運行ルートによっては、車上運動員の交代のために送迎が発生する場合もあります。
運転手や車上運動員には、なるべく交代が少ない方をお願いしましょう。
地方議会選挙ではあまり活用しませんが、地域に詳しい人に道案内をお願いする先導車や、街頭演説時のビラ配り要員や車上運動員の交代要員を乗せた後続車を活用する場合は、そちらもあわせてシフト表に書き込むようにしましょう。
3つのポイントを押さえて綿密な運行ルートを作ろう
街頭宣伝のスケジュールを計画する際、事前にできるだけ細かい選挙カーの運行ルートを組むことをおすすめします。

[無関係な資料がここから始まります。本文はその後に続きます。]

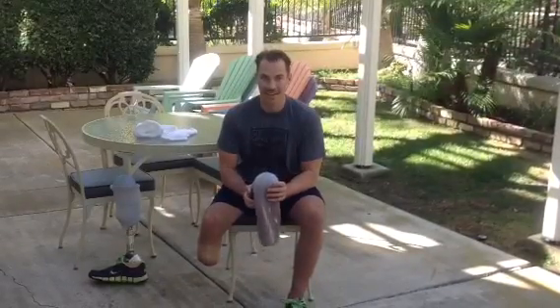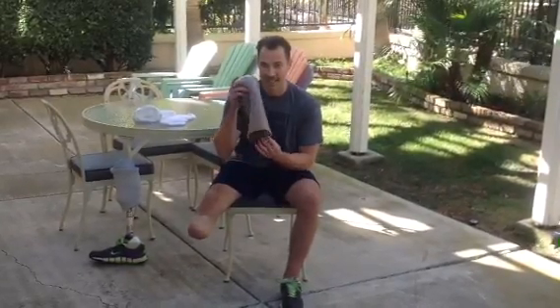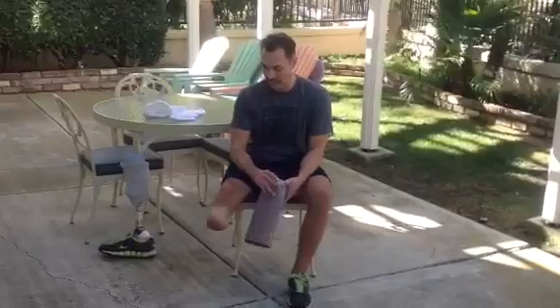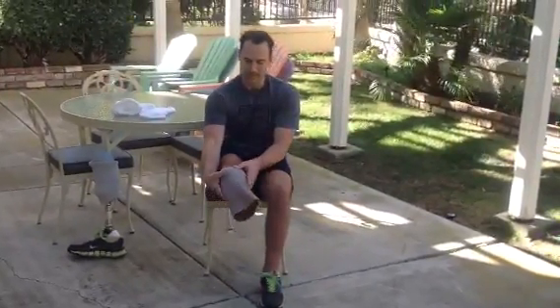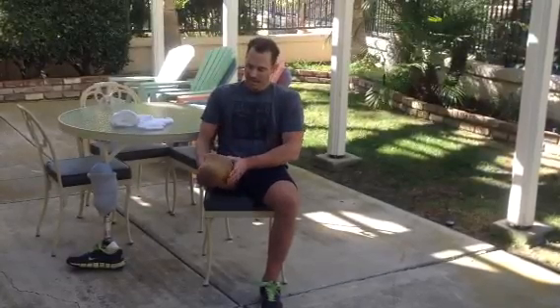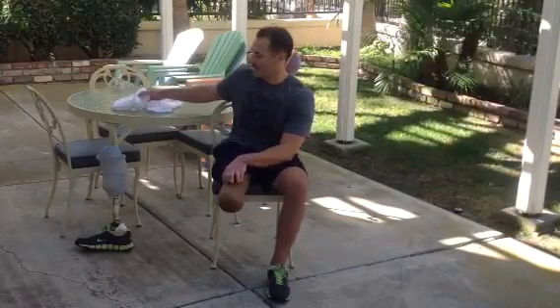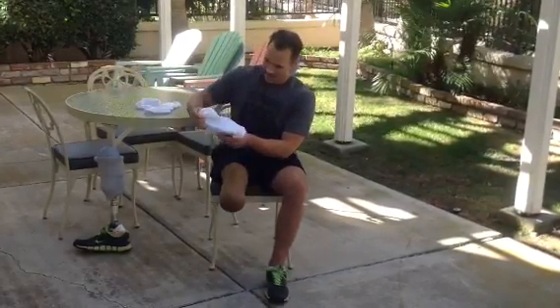Here's the update for those who are interested in how this works. I'm going to put this on — take the first few steps. So this is the liner, this goes over my leg. Since this is continuing to shrink, I use socks to fill in the space until I get my permanent prosthesis, which won't be for another couple months.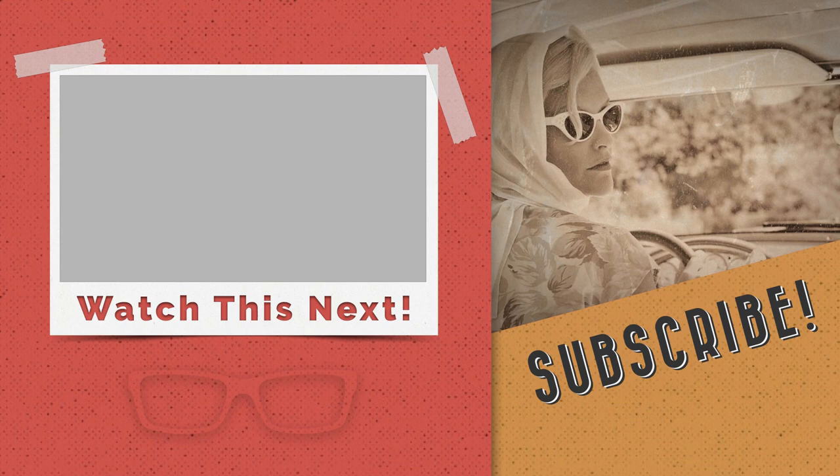Before you go, make sure you check out that playlist to your left to learn more about editing, retouching, and styling your images in GIMP. Thanks for watching and have an awesome day.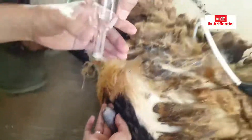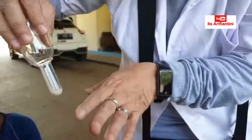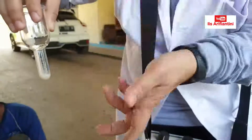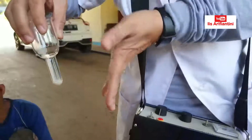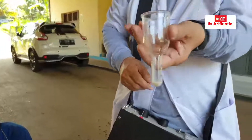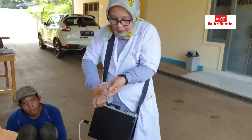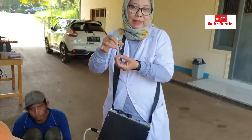Kita lihat berapa volumenya. Volume semen domba ini kira-kira 0,5 sampai 1 mili, maksimal 1,5 mili kalau ukurannya besar. Kalau cukup banyak, kita boleh melakukan kembali, tapi ganti tabung — karena takutnya yang berikutnya malah keluar urin, nanti malah tercampur semua. Ini adalah hasil penampungan dengan elektro ejakulator. Bagaimana, setelah melihat semua teknik penampungan semen: pagina buatan, kemudian massage, dan elektro ejakulator? Mudah-mudahan bermanfaat untuk kita semua. Terima kasih, Assalamualaikum Warahmatullahi Wabarakatuh.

その上で、予定通り回れたのかを把握することも重要です。
最低でも、市の全域の地図に実際に回ったルートや街頭演説を行った場所などを毎日書き加えて、日々ルートを修正していきましょう。
GPSを活用する方法もあります。
運航ルートを組む際のポイントは以下の3点です。
- 毎日同じ道を同じ時間帯に通らない
- できるだけ右折をしない
- トイレ休憩を必ず取る
それぞれ解説します。
毎日同じ道を同じ時間帯に通らない
事務所周辺は別として、できるだけ同じ道を同じ時間帯に通らないようにしましょう。
車体のサイズにもよりますが、できるだけ細い道、集落の奥まで入って1軒1軒に声を届けられると効果的です。
また、薄暗くなってきたら早めに看板の照明をつけましょう。
照明は20時以降も点灯したままにできます。
できるだけ右折をしない
選挙カーの運行ルートは、大通りなどで右折をすることがないように組んでください。
選挙カーが右折しようとして後ろに渋滞ができると、非常に印象が悪くなるからです。
トイレ休憩を必ず取る
トイレ休憩は2〜3時間おきにとるようにしましょう。
駅頭、コンビニ、公園などを活用するのが一般的ですが、あらかじめ支援者にお願いしてご自宅のお手洗いを借りる場合もあります。
選挙カーの準備物は?チェックリストも活用しよう
選挙カーには、
- 選挙運動用自動車・船舶表示板
- 選挙運動用拡声機表示板
を必ず載せておかなければなりません。
また、街頭演説を行うために「街頭演説用標旗」と、拡声器やのぼり旗も一緒に積み込んでおきましょう。
細かい点ですが、拡声器に「選挙運動用拡声機表示板」をつけておき、その拡声器を選挙カーに積み込んでおけば毎回取り外す必要がないのでおすすめです。
街宣スケジュールや運行ルート、車上運動員用の台本も必須です。
台本は運転席や助手席の後ろに、目線の高さで見やすいように貼るなどの工夫をしてください。
のど飴や飲み物、タオル、雨具、携帯充電用のモバイルバッテリーなども積み込んでおきましょう。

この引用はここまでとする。